Tuesday, April 27, 2010

Cracking Breasts

A Scotsman walking down the street sees a woman with absolutely perfect breasts. He approaches her and asks, "Lassy, would ye let me bite yer breasts for £100?"

"Are you mad?!" she replies, and keeps walking.

He turns, runs around the block and gets to the corner before she does. "Would ye let me bite yer breasts for £1,000?", he asks.

"Listen, I'm not that kind of woman! Got it?", she responds.

So the Scotsman runs around the next block and faces her again. "Would ye let me bite yer breasts just once for £10,000?"

She thinks about it for a moment and says, "Hmm, £10,000. Alright, just once but not here. Let's go to that alley over there."

So they enter the alley, where she removes her blouse to reveal her perfect breasts.

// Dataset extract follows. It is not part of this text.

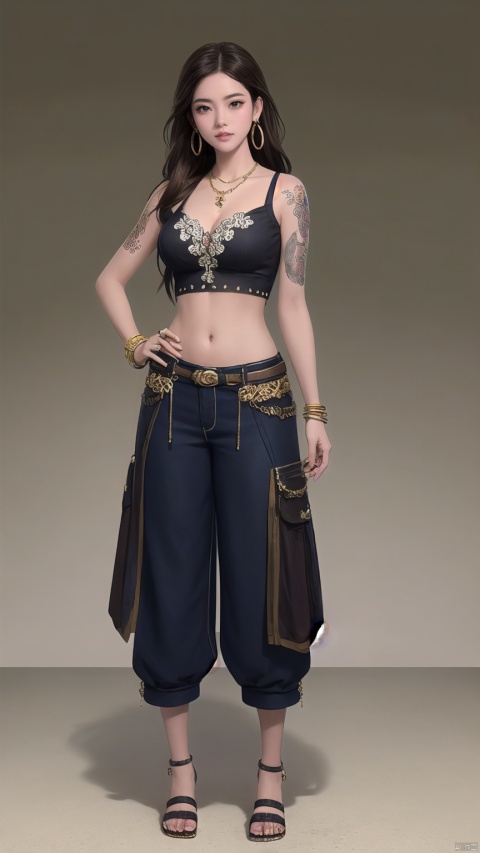 1girl, solo, long hair, breasts, looking at viewer, brown hair, navel, cleavage, jewelry, medium breasts, standing, full body, earrings, midriff, pants, necklace, bracelet, lips, crop top, tattoo, sandals, hoop earrings, realistic,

As soon as he sees them, the Scotsman grabs them, starts caressing them, fondling them slowly, kissing them, licking them, burying his face between them, but does not bite them.

The woman finally gets annoyed and asks, "Well? Are you going to bite them or not?"

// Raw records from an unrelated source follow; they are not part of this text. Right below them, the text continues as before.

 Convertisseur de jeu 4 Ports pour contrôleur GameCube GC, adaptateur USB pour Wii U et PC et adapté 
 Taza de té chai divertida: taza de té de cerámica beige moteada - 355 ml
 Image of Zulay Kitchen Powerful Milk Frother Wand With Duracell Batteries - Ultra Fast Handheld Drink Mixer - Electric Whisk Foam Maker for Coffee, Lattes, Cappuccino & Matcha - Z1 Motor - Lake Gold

"Nah", says the Scotsman. "Costs too much."

Monday, April 26, 2010

Survey Says

Last month a world survey was conducted by the UN. The only question asked was:

"Would you please give your honest opinion about solutions to the food shortage in the rest of the world?"

The survey was a HUGE failure because of the following:
  1. In Eastern Europe they didn't know what "honest" meant.
  2. In Western Europe they didn't know what "shortage" meant.
  3. In Africa they didn't know what "food" meant.
  4. In China they didn't know what "opinion" meant.
  5. In the Middle East they didn't know what "solution" meant.
  6. In South America they didn't know what "please" meant.
  7. In the USA they didn't know what "the rest of the world" meant.
  8. In Australia they hung up as soon as they heard the Indian accent.

Monday, April 19, 2010

St Patrick: Patron Saint of Alcoholics

Paddy had been drinking at his local Dublin pub all day and most of the night celebrating St Patrick's Day. Mick, the bartender says, "You'll not be drinking anymore tonight, Paddy".

Paddy replies, "OK Mick, I'll be on me way then".

Paddy spins around on his stool and steps off. He falls flat on his face. "Shite", he says and pulls himself up by the stool and dusts himself off. He takes a step towards the door and falls flat on his face, "Shite, Shite!"

He looks to the doorway and thinks to himself that if he can just get to the door and some fresh air he'll be fine. He belly crawls to the door and shimmies up to the door frame. He sticks his head outside and takes a deep breath of fresh air, feels much better and takes a step out onto the side-walk, and falls flat on his face again.

"Be Jaysus... I'm feckin' fecked," he says.

He can see his house just a few doors down, and crawls to the door, hauls himself up the door frame, opens the door and shimmies inside. He takes a look up the stairs and says "No feckin' way". He crawls up the stairs to his bedroom door and says "I can make it to the bed". He takes a step into the room and falls flat on his face. He says "Feck it" and drags himself into bed.

The next morning, his wife, Jess, comes into the room carrying a cup of coffee and says, "Get up Paddy. Did you have a bit to drink last night?"

Paddy says, "I did, Jess. I was feckin' pissed. But how'd you know?"

"Mick phoned...

You left your wheelchair at the pub."